Transformer modeling in Simulink - Time & Space Complexity
We want to understand how the time needed to run a Transformer model changes as the input size grows.
Specifically, how does the model's processing time increase when we feed it longer sequences?
Analyze the time complexity of the following Transformer attention block in Simulink.
% Transformer Attention Block
InputSequence = Inport('Sequence');
Q = DenseLayer(InputSequence, 'WeightsQ');
K = DenseLayer(InputSequence, 'WeightsK');
V = DenseLayer(InputSequence, 'WeightsV');
AttentionScores = Q * K';
AttentionWeights = Softmax(AttentionScores);
Output = AttentionWeights * V;
Outport('Output', Output);
This code computes self-attention by multiplying queries and keys, then applying weights to values.

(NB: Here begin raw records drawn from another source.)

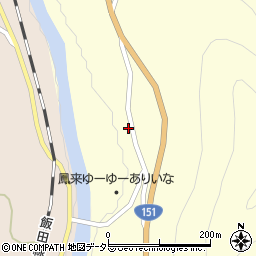 愛知県新城市能登瀬壱輪周辺の地図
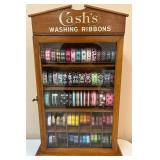 Vintage Wooden Hanging Ribbon Cabinet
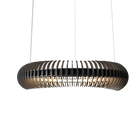 Accord Lighting 1533LED.50 Lampe de Legno Suspension en gris organique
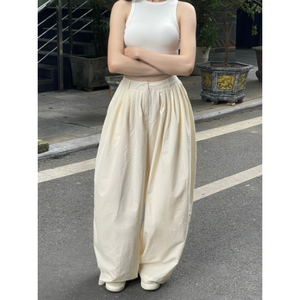 Prix de gros Pantalons et pantalons larges pour femmes Vêtements décontractés amincissants Pantalons d'été pour femmes Design de bourgeon de fleur - Product Image 4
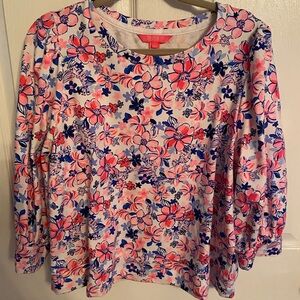 Lilly Pulitzer long sleeve sweatshirt.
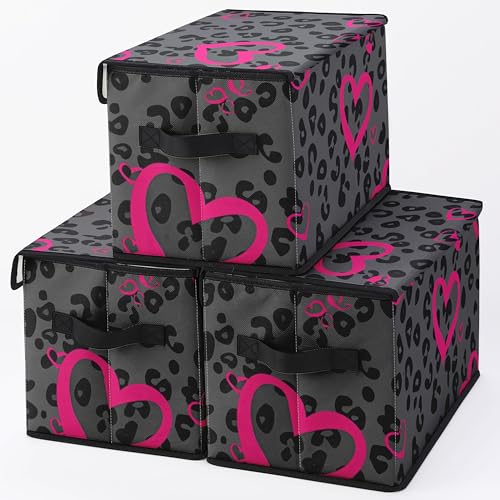 Image of Stackable Clothes Storage Bins with Lids 3 Pack | Closet Organizers Fabric Box for Home and Office,Blanket Clothes Organizers,Under Bed Storage Containers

Look for repeated calculations that depend on input size.
- Primary operation: Matrix multiplication between Q and K transpose.

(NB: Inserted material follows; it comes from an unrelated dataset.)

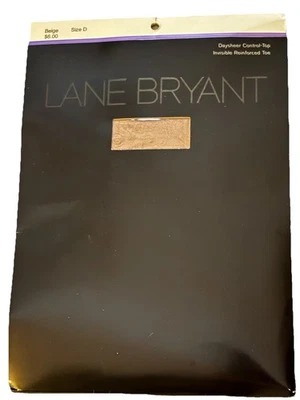 Top Lane Bryant Beige Daysheer Control Talla D Punta Reforzada Invisible NUEVO Foto 1 de 4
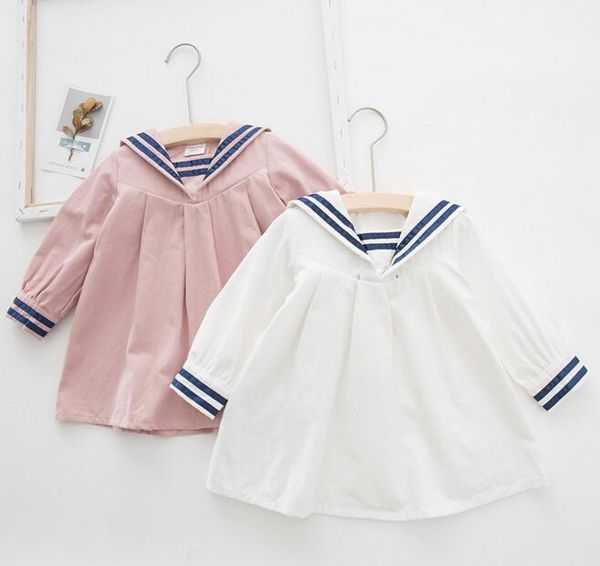Ins New girls Clothes dress Lolita Pleated Dress Spring fall girl Clothing Dress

- How many times: For each element in the input sequence, it multiplies with every other element, repeating n × n times.
As the input sequence length grows, the number of operations grows much faster.
| Input Size (n) | Approx. Operations |
|---|---|
| 10 | 100 (10×10) |
| 100 | 10,000 (100×100) |
| 1000 | 1,000,000 (1000×1000) |
Pattern observation: The operations grow by the square of the input size, so doubling the input makes the work four times bigger.
Time Complexity: O(n2)
This means the time to compute attention grows with the square of the input length.
[X] Wrong: "The attention calculation grows linearly with input size because it processes each element once."
[OK] Correct: Each element compares with every other element, so the number of comparisons grows much faster than just once per element.
Understanding how Transformer attention scales helps you explain model performance and design choices clearly in real projects.
What if we changed the attention to only look at a fixed number of nearby elements instead of all? How would the time complexity change?